To evaluate the practicability of the defined MATR3-pattern, mismatches to the findings in the individual patients were identified (Fig. 3b, Table 2). For all patients, a median mismatch of 6 muscles (12% of all examined muscles) was determined. The best match to the defined pattern was observed in the group of individuals with mid-stage disease, showing a median mismatch of 2 muscles (4%). While patients in end-stage disease showed a rather good match to the defined MATR3 pattern (median mismatch 7 muscles), a consistently poor match was seen in the disease onset group (median mismatch 10 muscles).

Overall, in 11 out of 15 patients (73%) a mismatch less than 20% of all examined muscles was observed. None of the patients in the disease onset group showed a sufficient match with the MATR3-pattern. A sufficient congruency (defined as mismatch < 20%) was observed for 89% of the patients in mid-stage and 100% of the patients in end-stage disease. An even stricter match to the defined MATR3-pattern (mismatch < 10%) was observed in 5 out of 9 patients in mid-stage disease (55%), while only one specimen (33%) in late-stage disease fulfilled this criterion.
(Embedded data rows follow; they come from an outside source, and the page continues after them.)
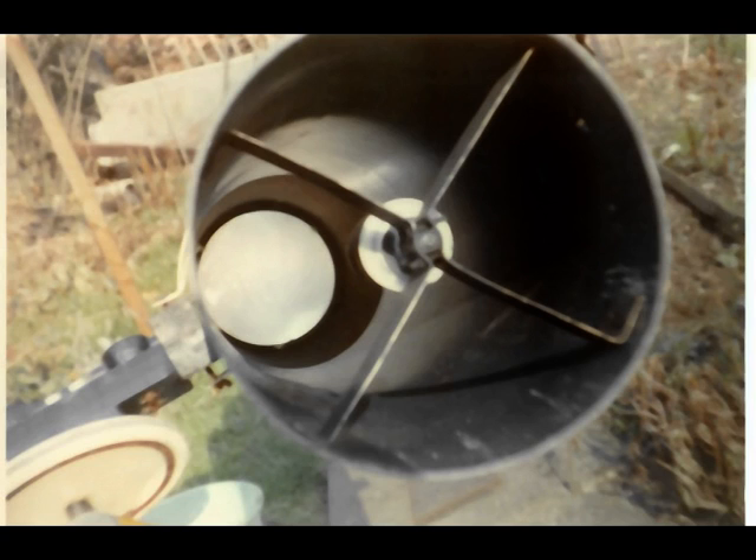Looking down the aperture of the scope, to the extreme left you can see a pram wheel with its centre banged out so the spokes are removed. That was used for the RA drive. You can also see the hint of the conduit boxes used for the bearings — a terminal box at one end and then two through boxes which provided the bearings themselves.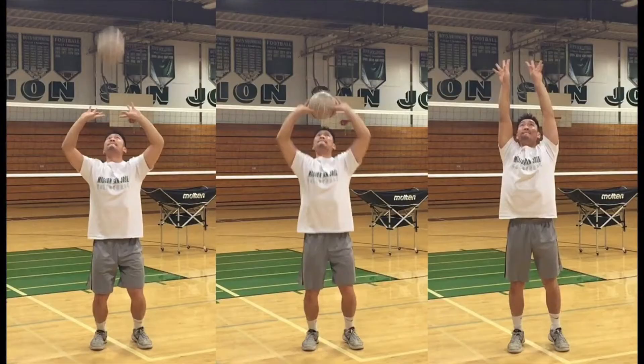The next picture is the correct way to set the ball. Notice how his elbows and knees are bent and his hands are in a triangle above his head. Next he contacts the ball with his fingertips and propels the ball upwards while extending his body and arms upward as well.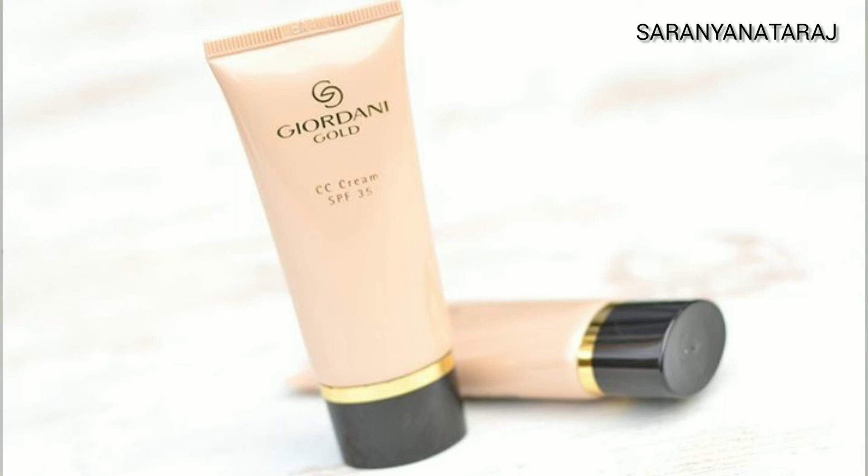Overall, if you are a dry skin person and want to use a CC Cream as an alternative to foundation for everyday use, you can try the Oriflame Jordani Gold CC Cream. The product link has been mentioned in the description box.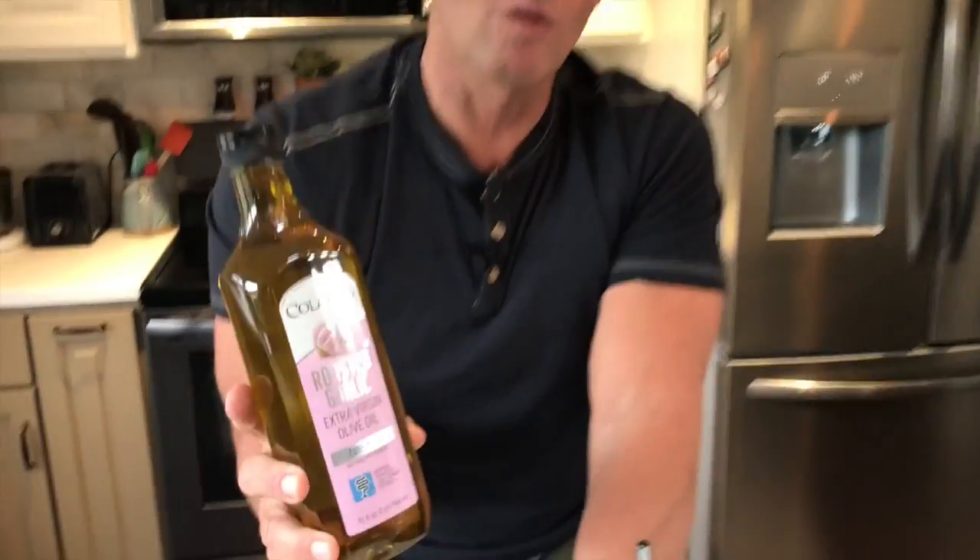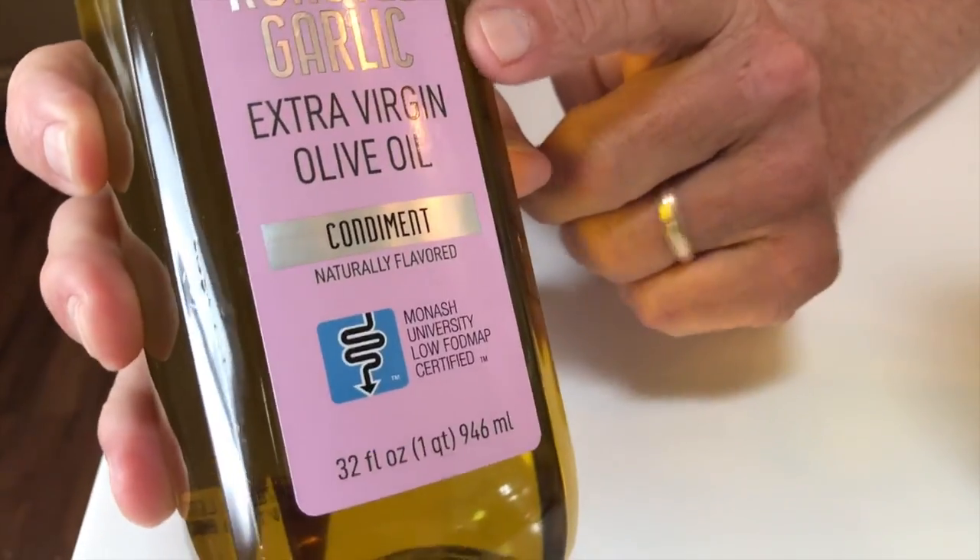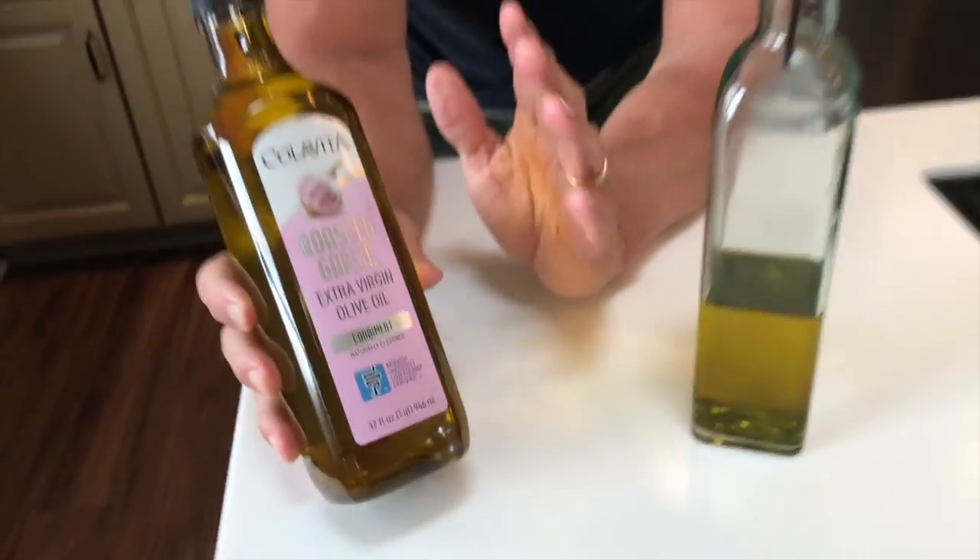I want to give you a quick review on the Colavita extra virgin olive oil — this one is the roasted garlic, and it is absolutely delicious. If you've never put olive oil on salads and things like that, I don't typically like store-bought stuff as far as, you know,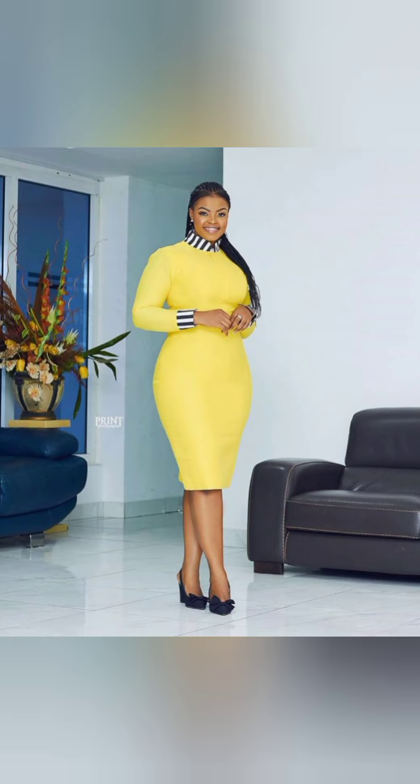This is also a bodycon fitted gown with no darts, and the neck is a standing collar — kind of a bishop collar. Just attach what you used for the neck to the sleeve as well.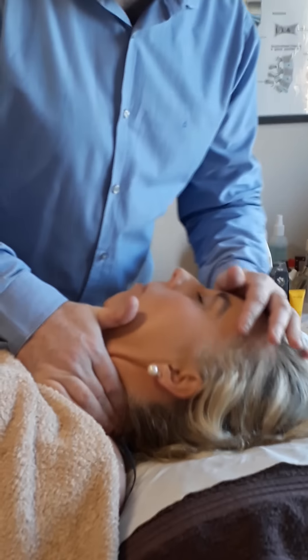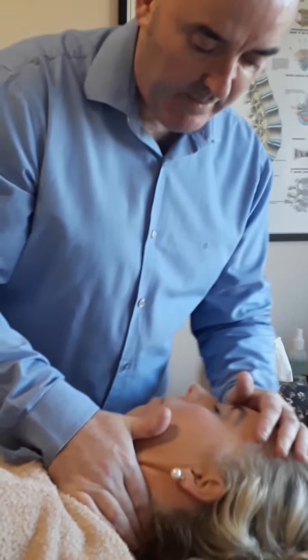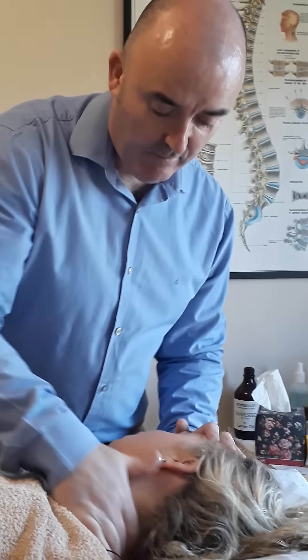This treatment should not be painful to the patient. You always check on her — is that sore? Is that comfortable? If she reports any levels of discomfort or pain, you would stop the treatment immediately.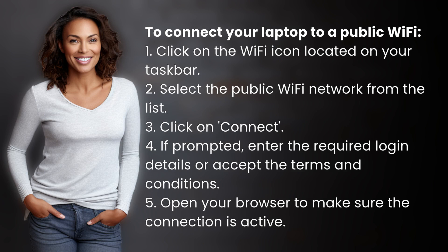To connect your laptop to a public Wi-Fi: 1. Click on the Wi-Fi icon located on your taskbar. 2. Select the public Wi-Fi network from the list. 3. Click on Connect.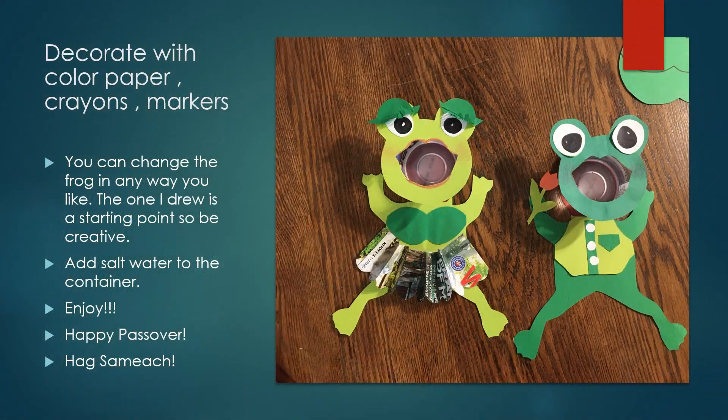Be creative. Feel free to change the frog in any way — it's just a starting point. Enjoy and have fun. Happy Passover!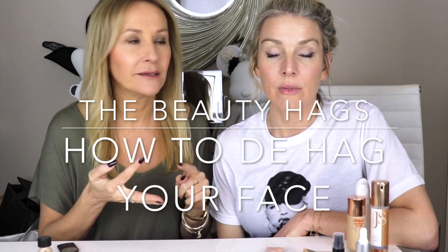Hi and welcome back, we are the Beauty Hags. Today we thought we would do the best hacks for de-hagging your face — i.e. how to not look so tired, haggard, knackered. I've got all the products, and I think you can fake it till you make it, so we're going to talk about the products that you use — probably on the train in the morning.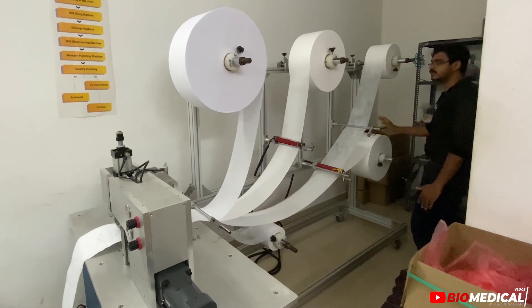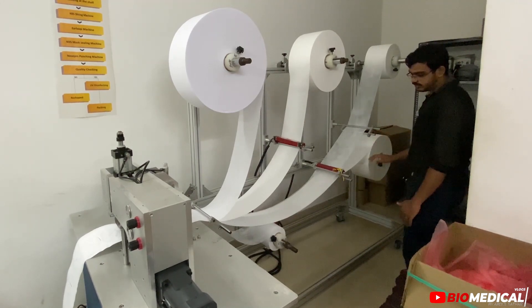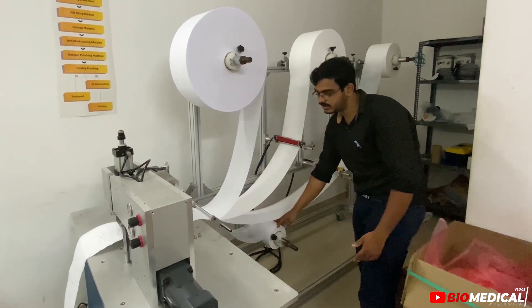The fourth layer material is used with Meltblown filter, and the last layer uses 4 GSM — a normal non-woven material.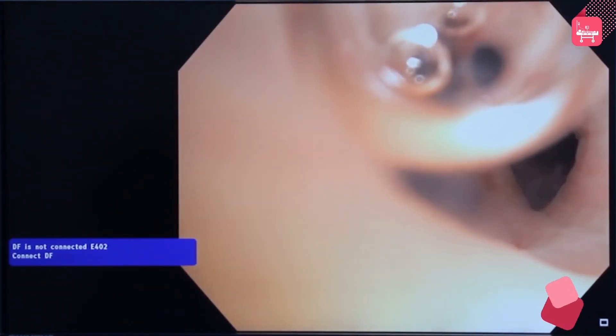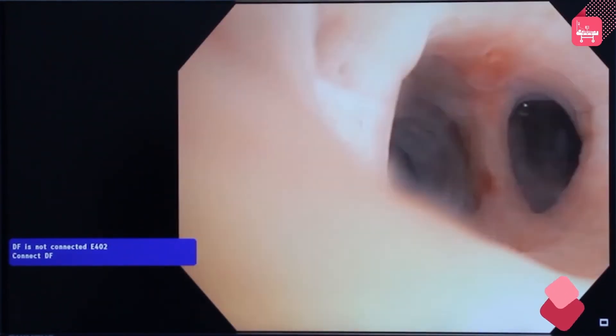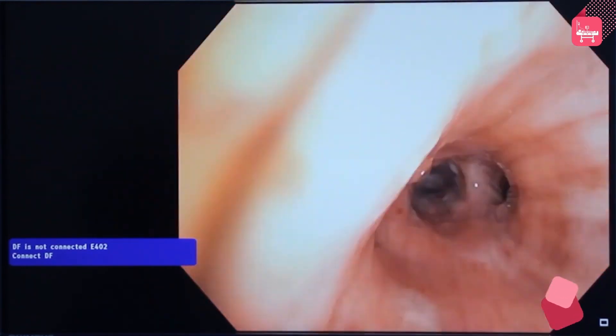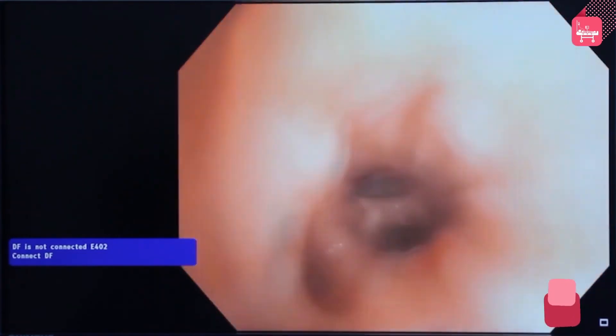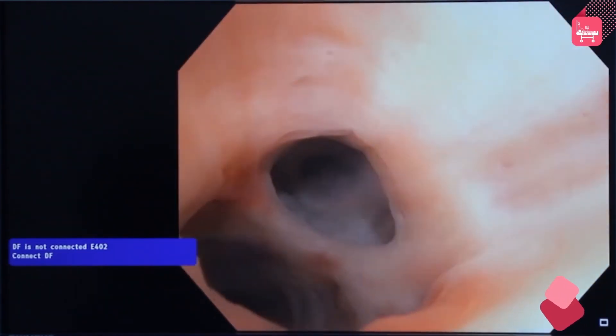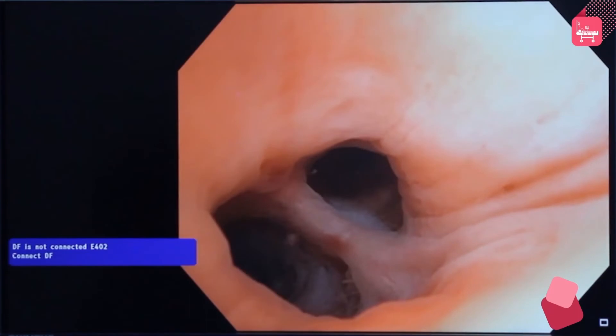Perform bronchoscopy for both therapeutic and diagnostic indications. Once the procedure is complete, slowly come out of the bronchus, check for any active bleeding, and make sure that the airways are clear. Suction the secretions so that they will help in diagnosing the problem. Slowly bring the bronchoscope out of the tracheostomy tube.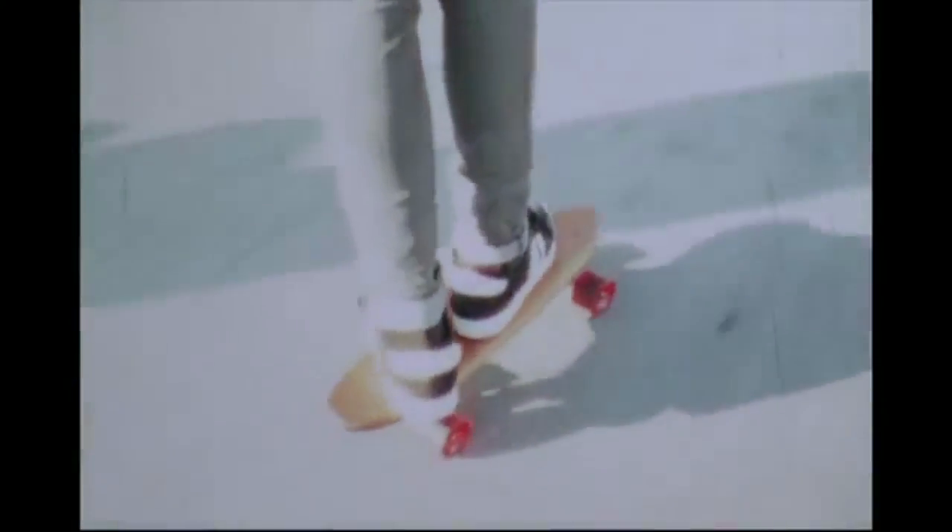Anyway, back to specifically Super 8. Super 8 is the cheapest and easiest way to get into celluloid motion picture, and it offers a very unique scratchy look with saturated colors. The look of Super 8 film is often associated with memories because of its use throughout the late 60s and early 80s for home video. The fact that it's silent, combined with the scratches and pastel colors, makes these memories appear almost dreamlike.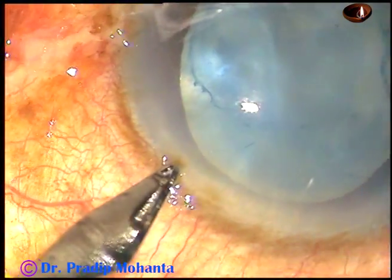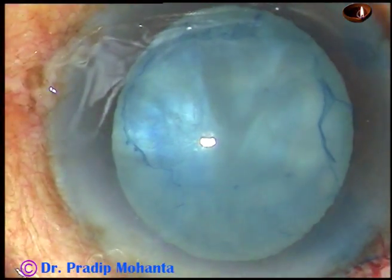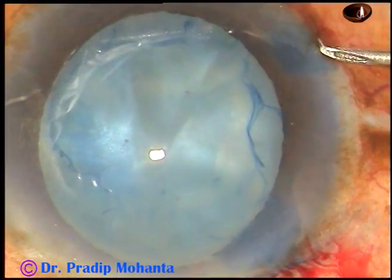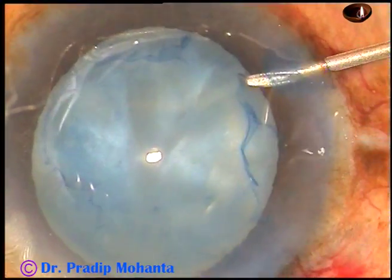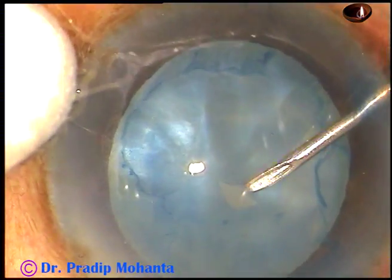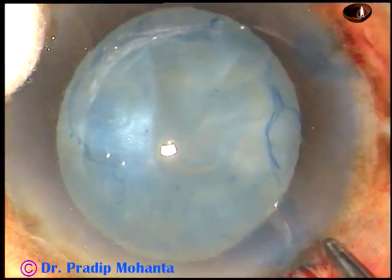Now I want to do capsulorhexis. This is a side port on the left side of the main incision. A 26-gauge bent needle is being introduced through the right side port. I make a puncture and make a C-flap, a carved flap.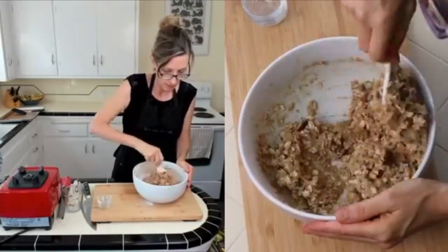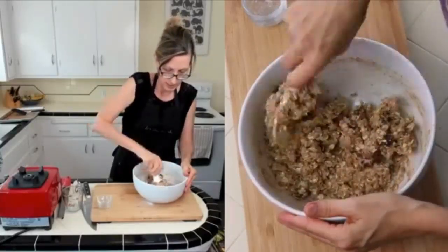You can see the consistency of the batter — it's fairly thick. That's what we want.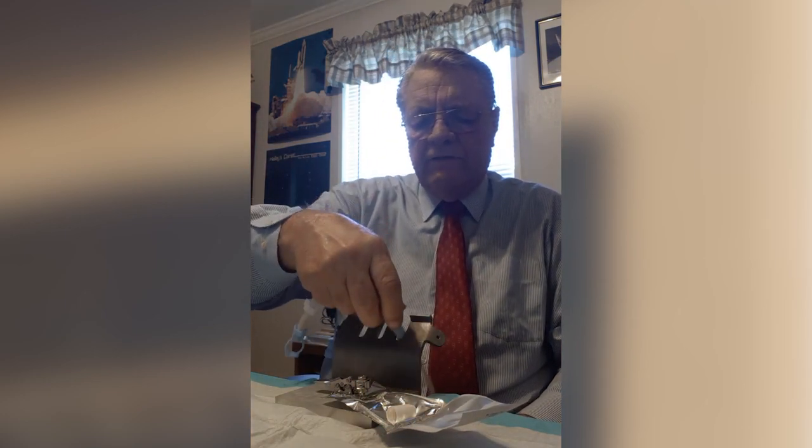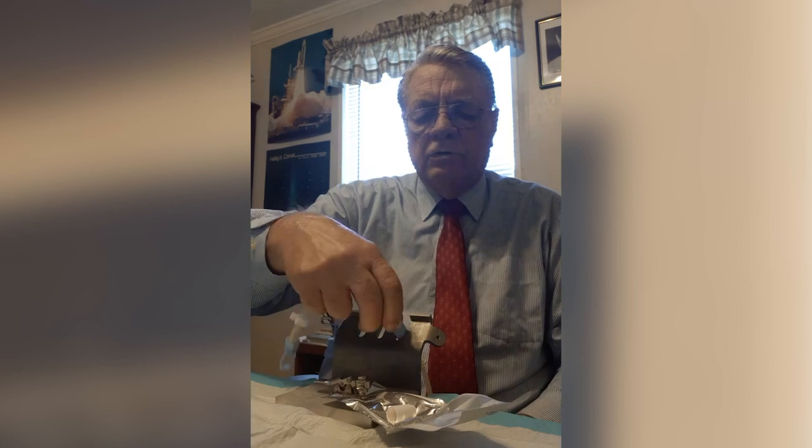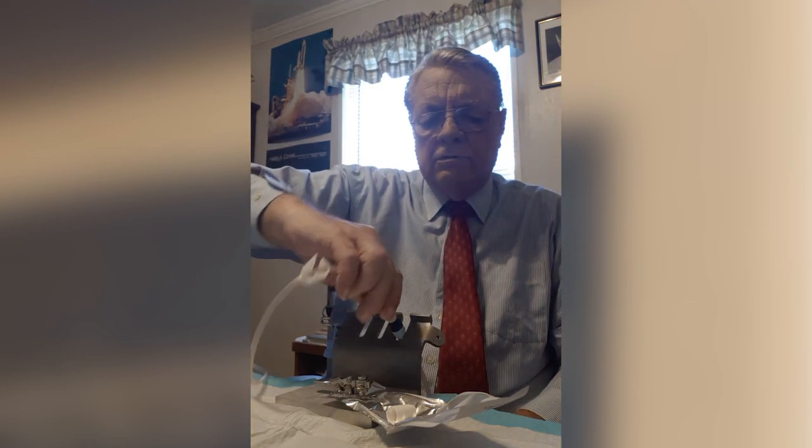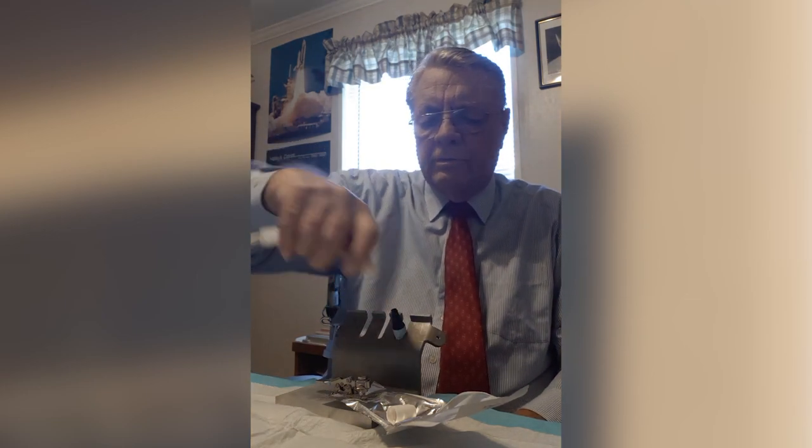We take our valve, put that in here, but now we're going to close the valve, turn this over, place the valve like that. Now we can simply unscrew the tubing and place it right here for safekeeping.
To determine the diagnostic practicability of the established MATR3-pattern, it was compared to literature-based lower-limb MRI patterns of other distal myopathies (Fig. 4a). A relevant discrimination (e.g. mismatch > 20%) of the MATR3-pattern to the majority of distal myopathies (16 out of 22 disease entities) was seen. In contrast, relevant similarities were observed in 6 distal myopathies (TIA1, late-stage TTN, MYOT, SQSTM1/TIA1, KLHL9, ADSSL1). Comprehensive information regarding affected muscles other than lower limb muscles were lacking for most of these distal myopathies, as only a few underlying studies applied whole-body MRI (2 out of 15, Table 3). Based on the available literature, a frequent affection of gluteal muscles was observed in MYOT- associated distal myopathy. However, a selective involution of gluteus minimus muscle as in MATR3-associated myopathy was not described (Table 3). Muscular involution of the paraspinal musculature was again solely reported in MYOT-associated distal myopathy. While a selective involvement of the thoracic paraspinal segments has not been described, there has been no explicit discrimination between lumbar, thoracic and cervical segments in this study (Table 3). Furthermore, respective changes were not present in MR-studies from patients with MYOT- and SQSTM1/TIA1-associated distal myopathy overseen in the neuromuscular research centre in Halle (Fig. 4b).